Eppure non era andato male. C'ha sempre quell'aria un po' così, da persona che non sembra coinvolta più di tanto dal casino che gli gira intorno, ma alla fine se si ascolta bene quello che dice lui e quello che dice Matteo Renzi viene fuori il fatto che il segretario del Pd è ancora una persona di sinistra, ammesso che tutto il resto del suo partito non gli si rivolti contro magari per salvare lo strapuntino a qualche democristiano bollito.
Il sindaco di Firenze, infatti, recita la parte di quello che rappresenta il nuovo, ma per chi ha un minimo di esperienza di politichese (ed è purtroppo il mio caso) è facile leggere fra le righe come il giovanotto di belle speranze (che poi ha 37 anni e non è esattamente un ragazzino) intende proseguire nel solco raccapricciante tracciato dal governo Monti molto di più del segretario.
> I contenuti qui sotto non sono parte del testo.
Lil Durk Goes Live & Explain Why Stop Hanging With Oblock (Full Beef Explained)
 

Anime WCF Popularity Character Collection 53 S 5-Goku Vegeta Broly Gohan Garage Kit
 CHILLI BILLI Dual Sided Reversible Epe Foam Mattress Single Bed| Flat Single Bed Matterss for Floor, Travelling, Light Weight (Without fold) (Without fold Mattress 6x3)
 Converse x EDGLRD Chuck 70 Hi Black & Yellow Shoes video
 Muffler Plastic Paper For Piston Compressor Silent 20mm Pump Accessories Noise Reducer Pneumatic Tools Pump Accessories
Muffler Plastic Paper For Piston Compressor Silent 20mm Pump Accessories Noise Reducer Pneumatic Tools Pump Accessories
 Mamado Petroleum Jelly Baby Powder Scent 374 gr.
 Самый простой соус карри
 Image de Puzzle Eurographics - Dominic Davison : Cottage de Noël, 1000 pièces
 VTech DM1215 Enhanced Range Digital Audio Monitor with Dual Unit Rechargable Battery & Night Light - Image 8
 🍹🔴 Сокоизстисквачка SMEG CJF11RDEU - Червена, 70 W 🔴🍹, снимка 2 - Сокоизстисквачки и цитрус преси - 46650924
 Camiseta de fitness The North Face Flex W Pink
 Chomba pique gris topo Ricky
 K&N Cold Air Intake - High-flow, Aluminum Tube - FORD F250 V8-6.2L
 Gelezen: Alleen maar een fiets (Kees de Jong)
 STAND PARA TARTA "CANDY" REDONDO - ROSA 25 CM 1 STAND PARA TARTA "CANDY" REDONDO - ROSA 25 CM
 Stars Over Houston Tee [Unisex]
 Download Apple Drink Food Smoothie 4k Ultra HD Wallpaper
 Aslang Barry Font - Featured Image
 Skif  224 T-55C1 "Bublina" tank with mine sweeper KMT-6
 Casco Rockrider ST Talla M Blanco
Gli piace la riforma delle pensioni varata dalla Fornero (credo sia l'unico in Italia a parte la stessa Fornero), non taglierebbe gli aeroplanini al budget della Difesa perché "bisogna capire di che genere di Difesa abbiamo bisogno" (e che c'è da capire? Non abbiamo bisogno di bombardare nessuno, anche perché la Costituzione ce lo impedirebbe, hai visto mai che un giorno qualcuno si decida a farla rispettare), guarda con fastidio alla legislazione sul lavoro (infatti propone come ministro quel Piero Ichino che lo Statuto dei lavoratori lo abolirebbe proprio), si innamora di gente come Marchionne, salvo poi dire di essere rimasto deluso (e mostrando anche in questo caso uno scarsissimo acume).
Insomma, Renzi è così. Con la sinistra non c'azzecca nulla, Pier Luigi Bersani invece ancora ce la può fare a non farci morire democristiani.
Così pensavo, in un insolito slancio di ottimismo, ascoltando il soporifero dibattito organizzato dal Tg1.
Poi il crollo. Alla domanda: a quale persona della vostra vita chiedereste scusa?, Bersani ha risposto: "Al mio parroco". E dopo la citazione di papa Giovanni XXIII durante il precedente duello è stato davvero troppo.